What about Heavy Metal? According to the video it looks like Heavy Water is linked to bad hair problems too …
And in any given gravitational field, the extra mass gives rise to a commensurate increase in weight.
I don’t know what that guy is exercised about either. I wish I knew, because I love to be a nitpicking prick. I’d join right in if I knew what about.
Poseur!
3H218O or GTFO!
And never forget Johnny.
Johnny was a chemist’s son
But Johnny is no more.
For what he thought was H2O
Was H2SO4.
7H224O goes fast around here.
I’ll have some D2O too…
No no, you will die, if you drink enough of it. Too much water is poisonous, heavy or not.
The dose makes the poison.
A man walks into a bar and says “I’ll have some H2O!” The barman puts a full glass down in from him and the man drinks it down.
The man standing next to him says “I’ll have some H2O too!” He drinks the glass the barman puts in front of him and dies.
wow, flashback!
Came for the Thomas Dolby reference. Was disappointed.
“The red light flicker, sonar weak, air valves hissing open
Half her pressure blown away, flounder in the ocean
See the Winter boys drinking heavy water from a stone”
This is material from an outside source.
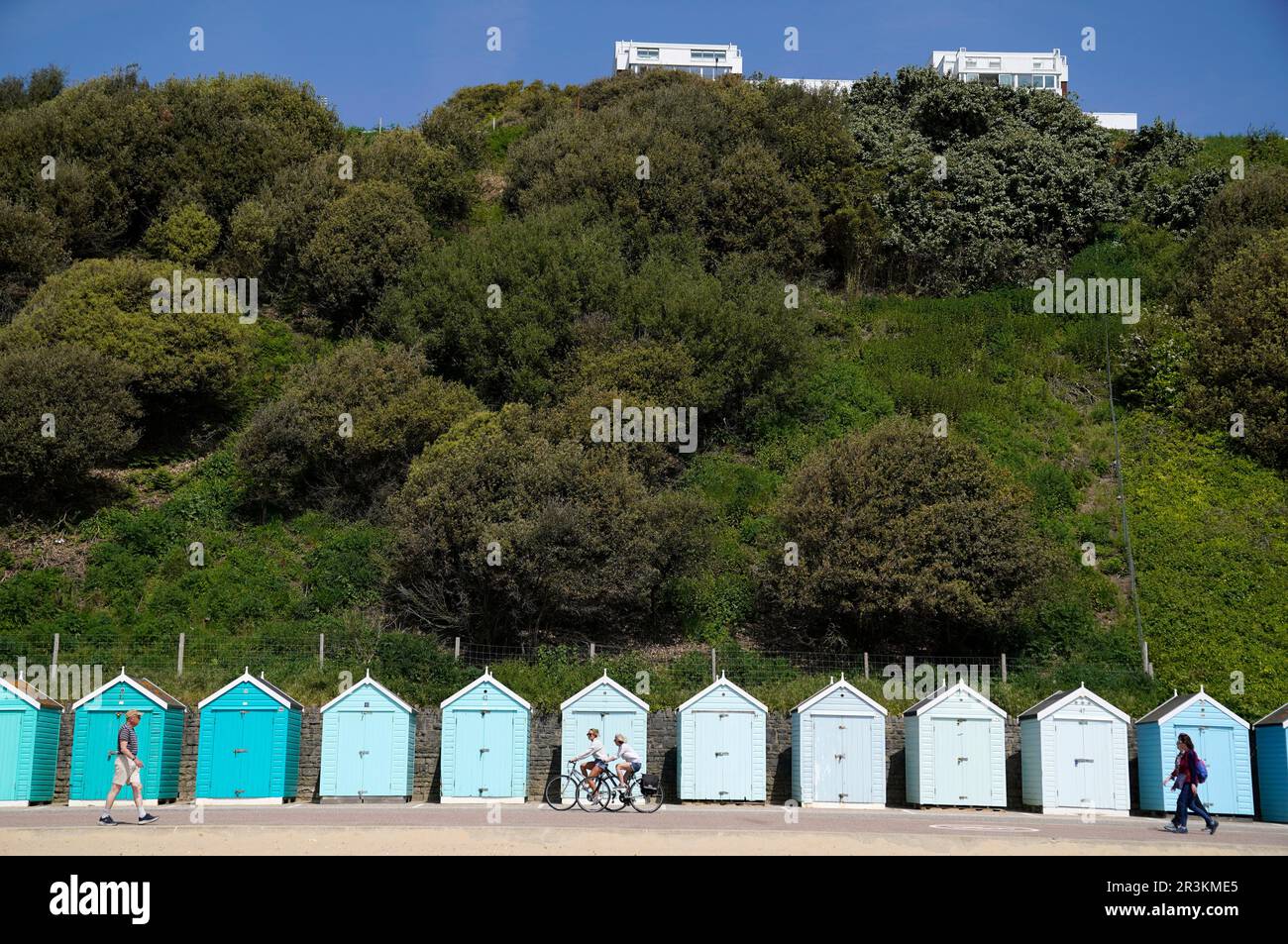 Les gens font leur chemin à travers les cabanes de plage sur la plage de Bournemouth à Dorset . Date de la photo: Mercredi 24 mai 2023. Banque D'Images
It’s radium water or nothing!
Sensible. If you replaced all your hydrogen with deuterium, you’d probably end up I guess about 10% heavier.
Back in the days when I actually worked with 3H, I amused myself by trying to work out what would happen if you had 1cc of tritium oxide at the bottom of a centrifuge tube. Just because the betas only average about 5keV doesn’t mean that not a lot would happen. The stuff only has a half life of 12.3 years, so drinking it would be problematic; it would turn to steam faster than you could get it it into the tube.
Of course you can drink heavy water! I remember seeing this documentary when I was a kid:
Folks used to not mind getting tritium intakes because the prescription was drink lots of beer…
https://www.google.com/amp/io9.gizmodo.com/drinking-a-beer-can-save-you-from-radiation-poisoning-1648955835/amp
And in a constant gravitational field, weight is a linear function of mass. Ipso facto, the extra neutrons in deuterium do indeed make heavy water weigh more than standard water.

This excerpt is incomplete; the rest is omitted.